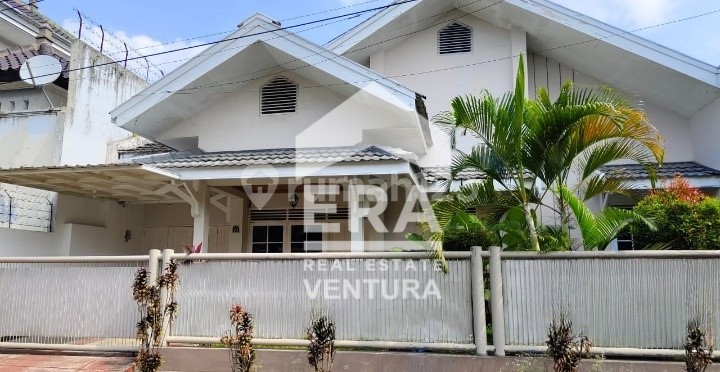 Ready-to-Occupy House, Well-Maintained Building in the Sulfat Area. 2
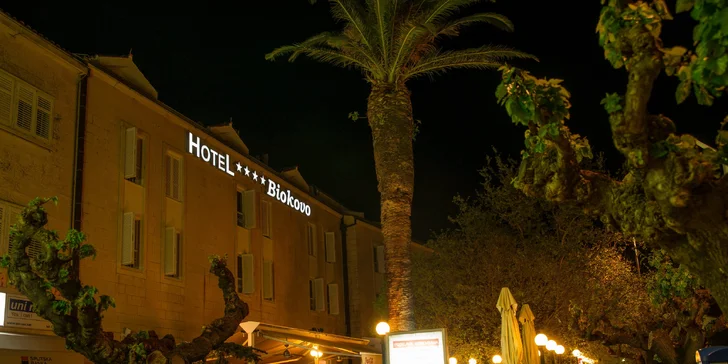 Makarská riviéra: 4* hotel se snídaní, polopenzí či plnou penzí, 3 minuty od pláže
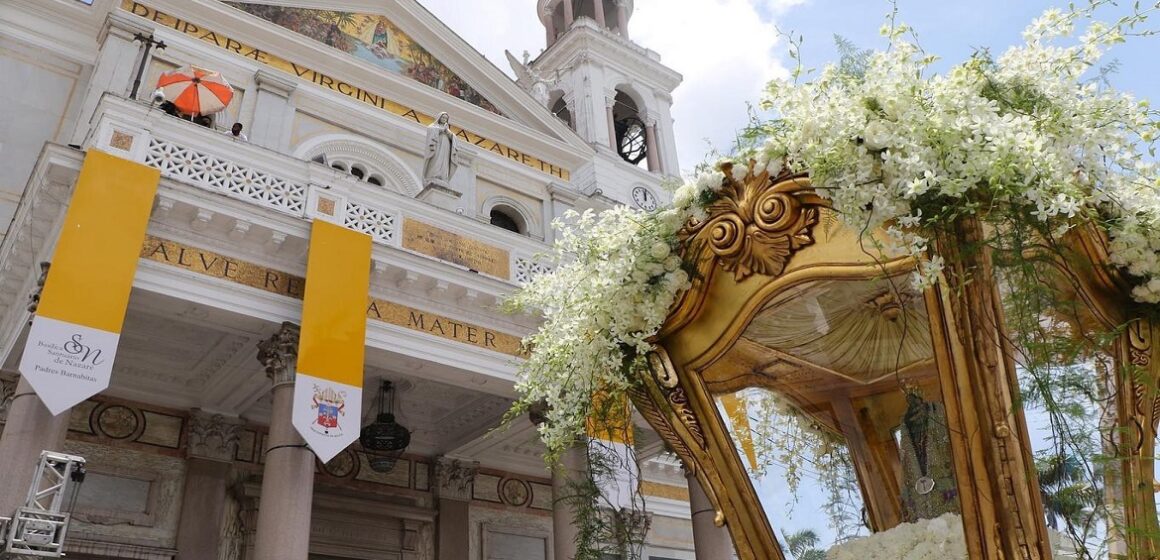 Cerca de 400 mil pessoas foram às ruas do centro de Belém em homenagem a Nossa Senhora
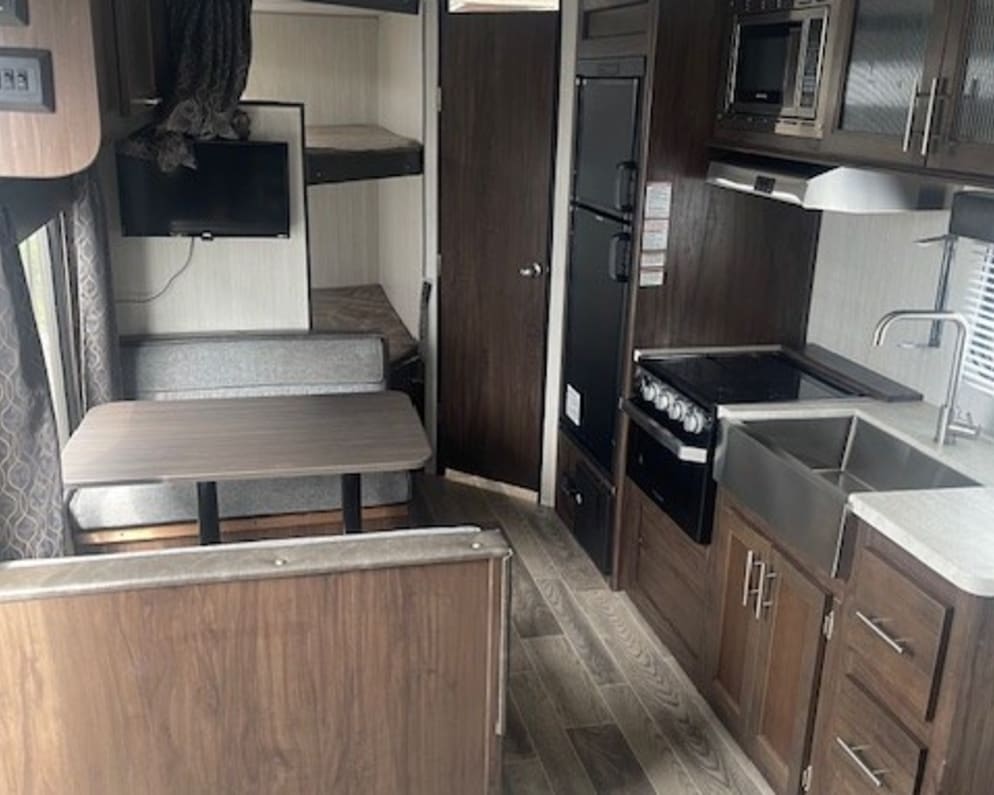 2021 CHEROKEE GREY WOLF 26DJSE Travel Trailer for rent in Mitchell Indiana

* * *

What the task requires:
When the line that holds "Makarská riviéra: 4*" is reached, begin duplicating exactly, and continue through the last line of the listing, skipping the pictures; output nothing else.

Exercise output:
 Makarská riviéra: 4* hotel se snídaní, polopenzí či plnou penzí, 3 minuty od pláže
 Cerca de 400 mil pessoas foram às ruas do centro de Belém em homenagem a Nossa Senhora
 2021 CHEROKEE GREY WOLF 26DJSE Travel Trailer for rent in Mitchell Indiana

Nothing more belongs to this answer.